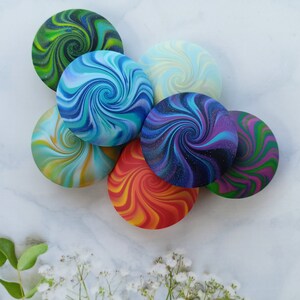 May include: A collection of seven circular objects featuring vibrant, multi-colored swirl patterns. Each piece displays a unique color combination, including shades of green, blue, purple, orange, and yellow, with some designs incorporating fine glitter accents.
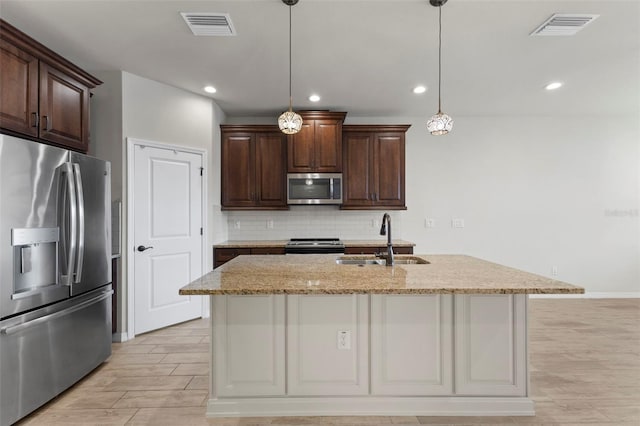 kitchen with a sink, stainless steel appliances, tasteful backsplash, and visible vents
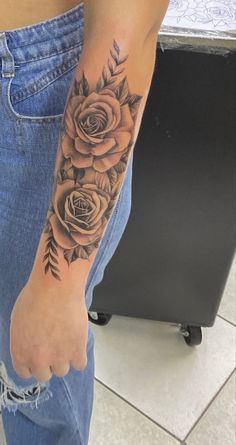 a person with a rose tattoo on their arm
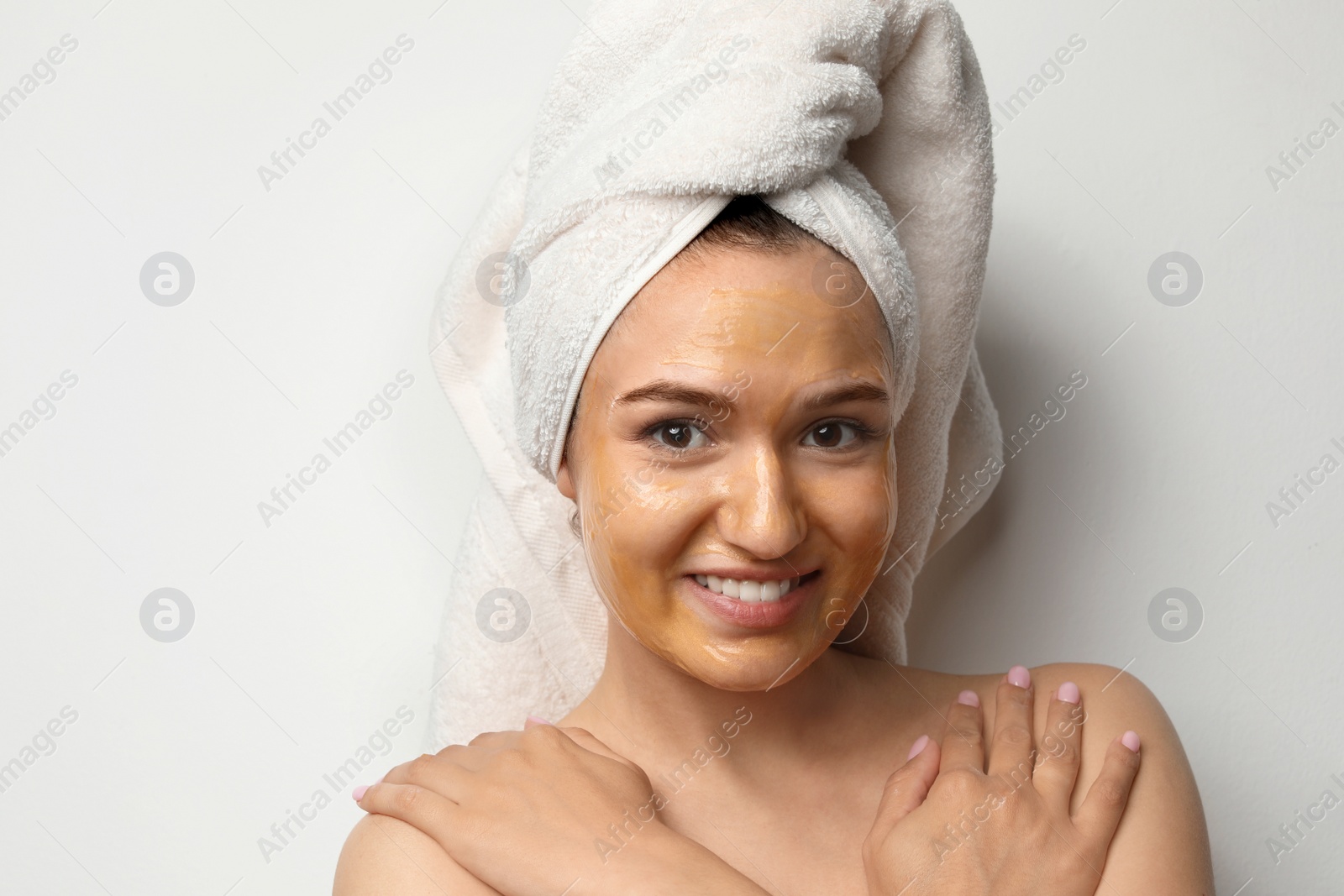 Photo of Beautiful woman with mask on face against light background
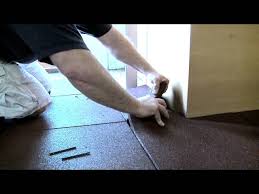 installing rubber gym flooring tiles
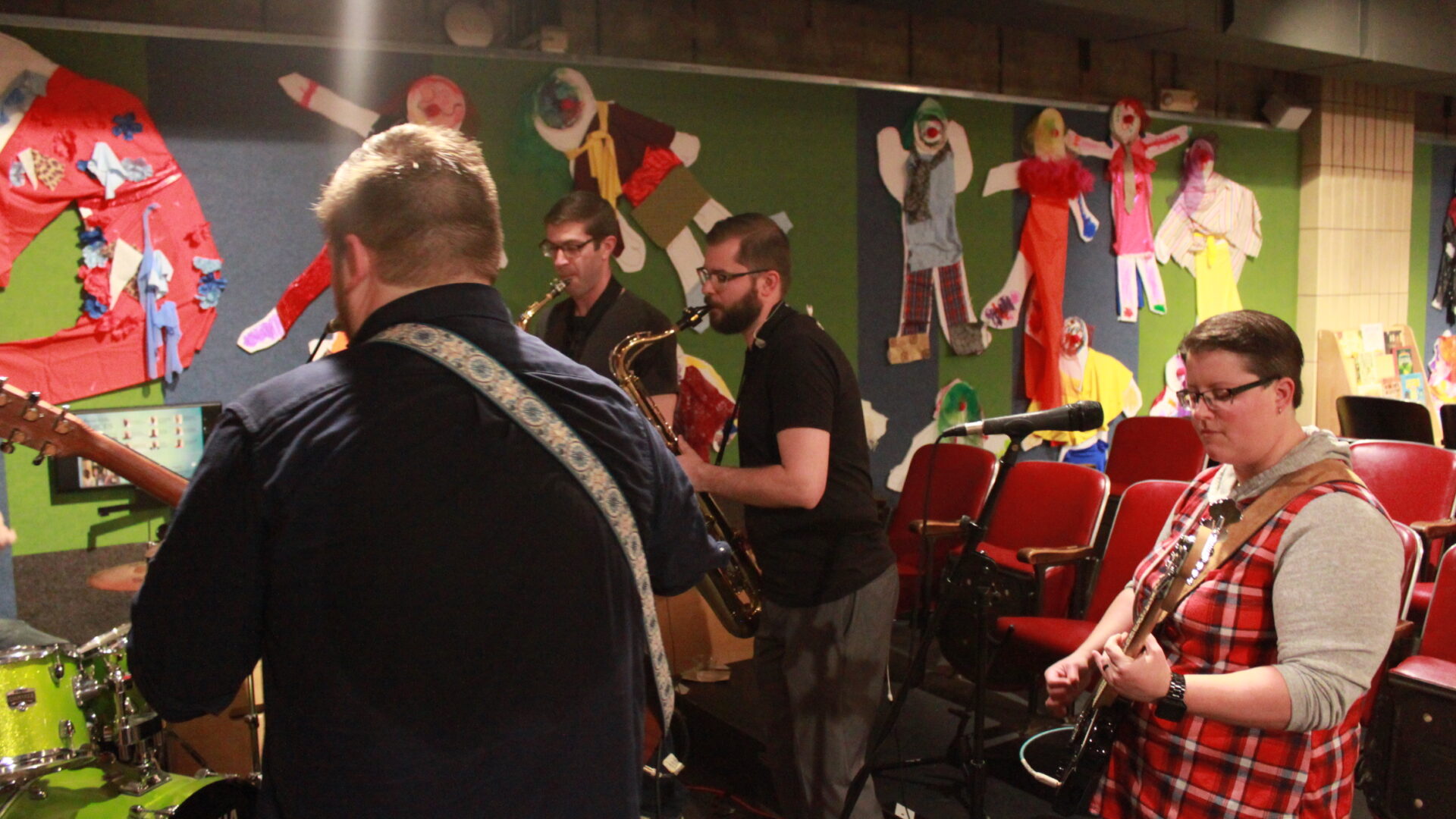 Four adults performing on alto saxophone, tenor saxophone, bass, and guitar, the guitarist also singing into a microphone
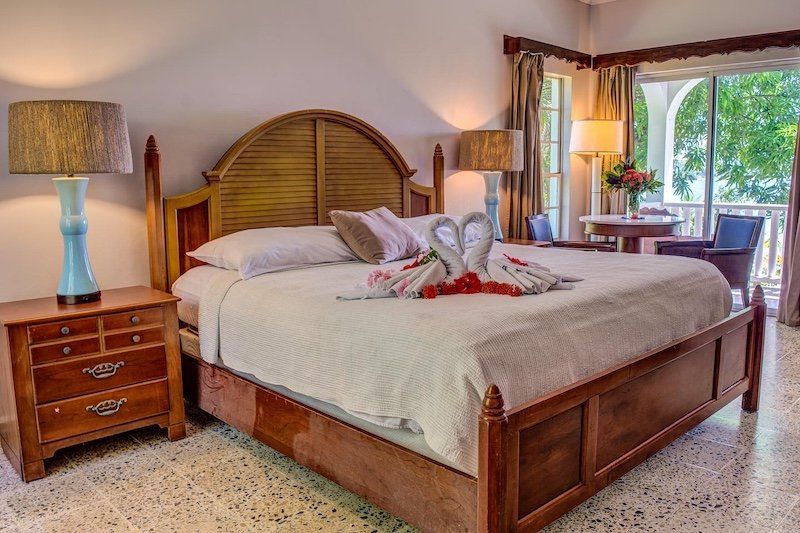Elegant bedroom with wooden furniture and decorative towel arrangement on bed.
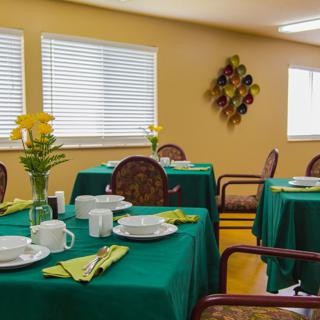 A cozy dining room with green tablecloths and neatly set tables.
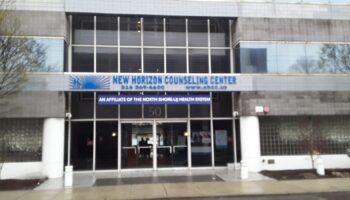 Exterior front entrance of New Horizon Counseling Center showing glass doors, signage, and modern building facade with landscaping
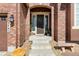 Charming front door framed by brick, sidelights, and decorative accents creating an inviting entrance to the home at 3745 Spanish Oaks Trl, Castle Rock, CO 80108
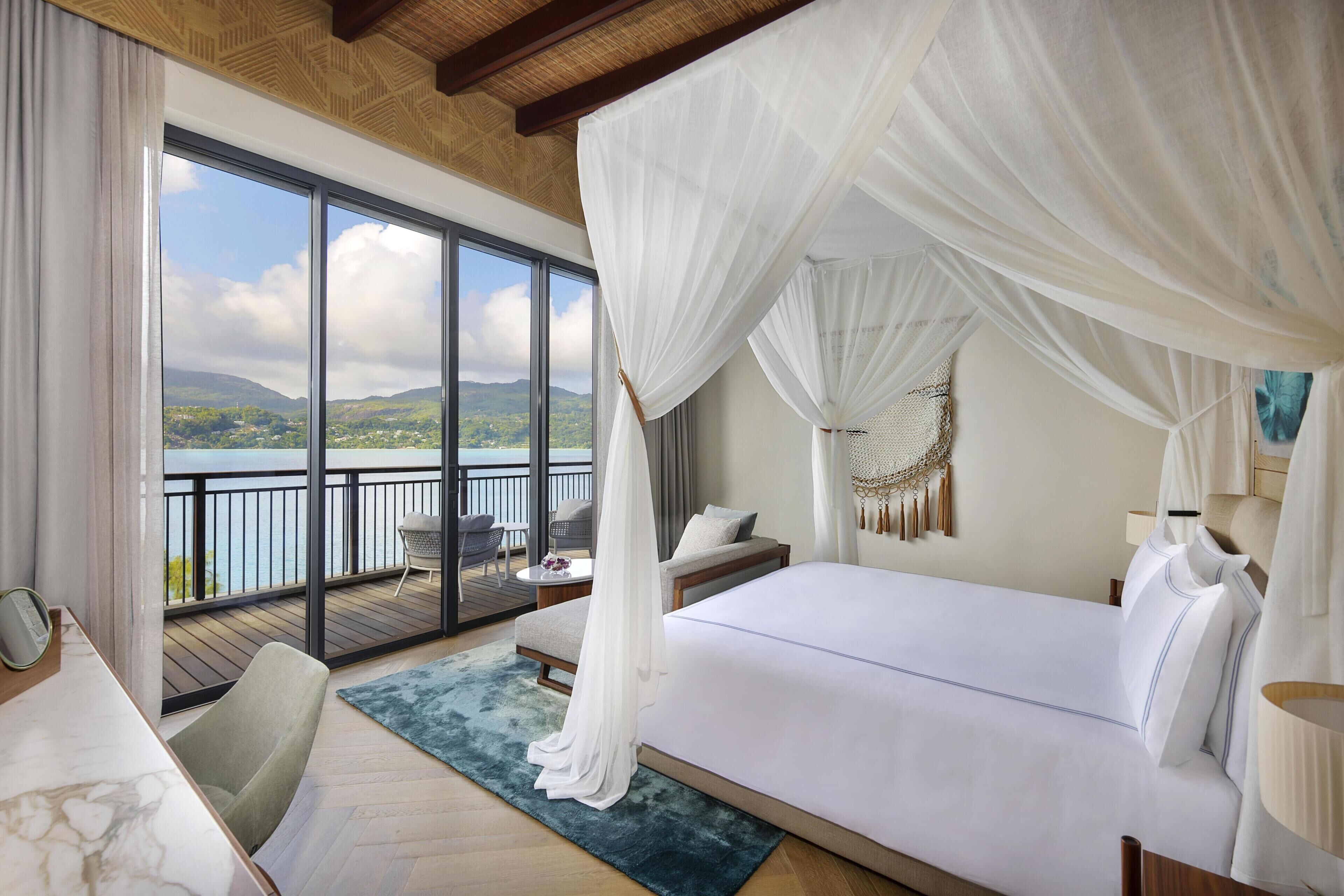 Un dormitorio con una cama grande, un balcón con vistas y techo de madera.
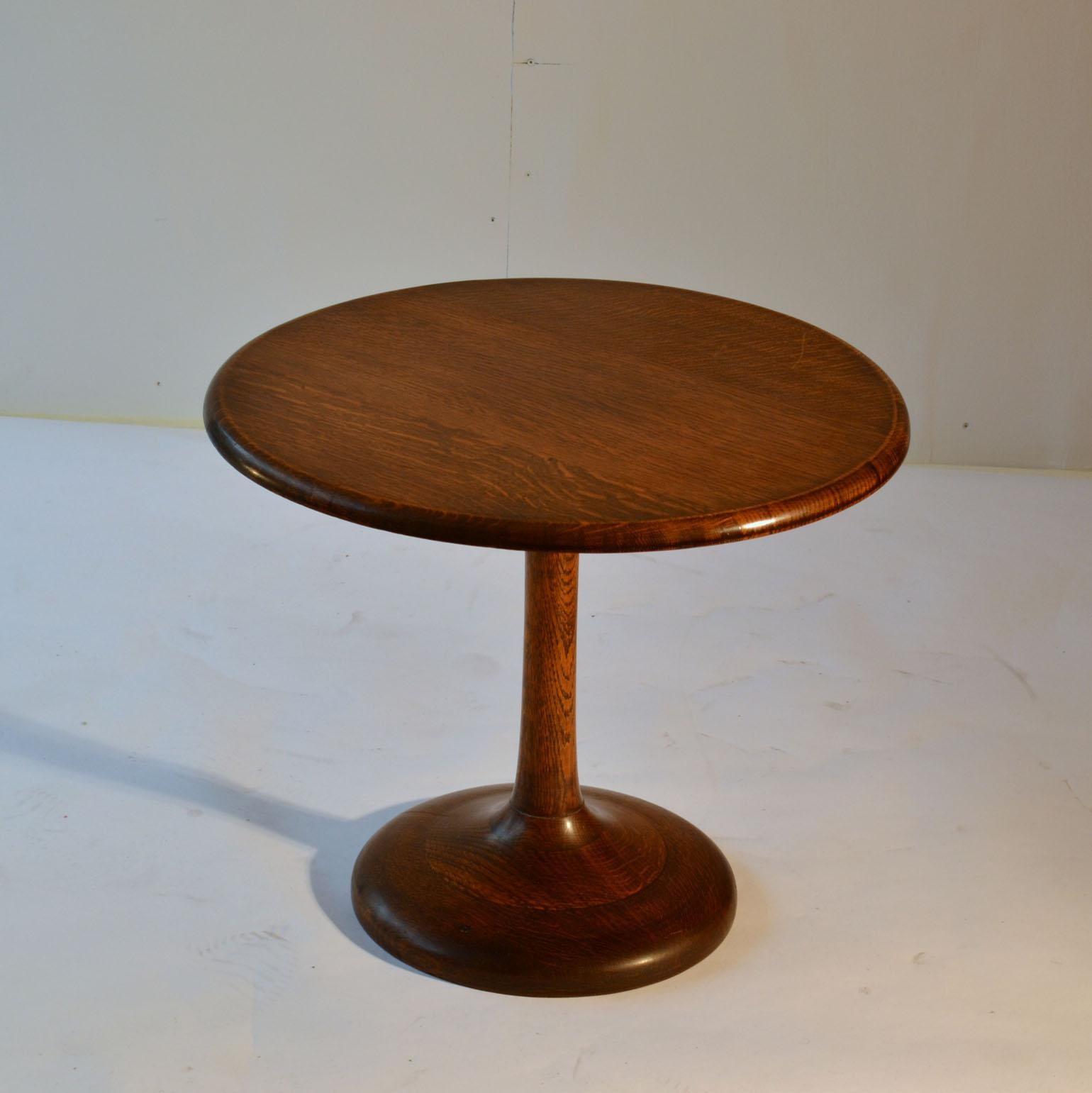 Occasional compact round side table in solid oak on tulip foot. The top has a smooth edge. The table has a polished finish and is in excellent condition.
********************
_Exercise prompt:_ Restate word for word the lines that begin at the one containing "Four adults performing" and end with the final line of the records. Pictures stay out.

_Output of the task:_
 Four adults performing on alto saxophone, tenor saxophone, bass, and guitar, the guitarist also singing into a microphone
Elegant bedroom with wooden furniture and decorative towel arrangement on bed.
 A cozy dining room with green tablecloths and neatly set tables.
 Exterior front entrance of New Horizon Counseling Center showing glass doors, signage, and modern building facade with landscaping
 Charming front door framed by brick, sidelights, and decorative accents creating an inviting entrance to the home at 3745 Spanish Oaks Trl, Castle Rock, CO 80108
 Un dormitorio con una cama grande, un balcón con vistas y techo de madera.
 Occasional compact round side table in solid oak on tulip foot. The top has a smooth edge. The table has a polished finish and is in excellent condition.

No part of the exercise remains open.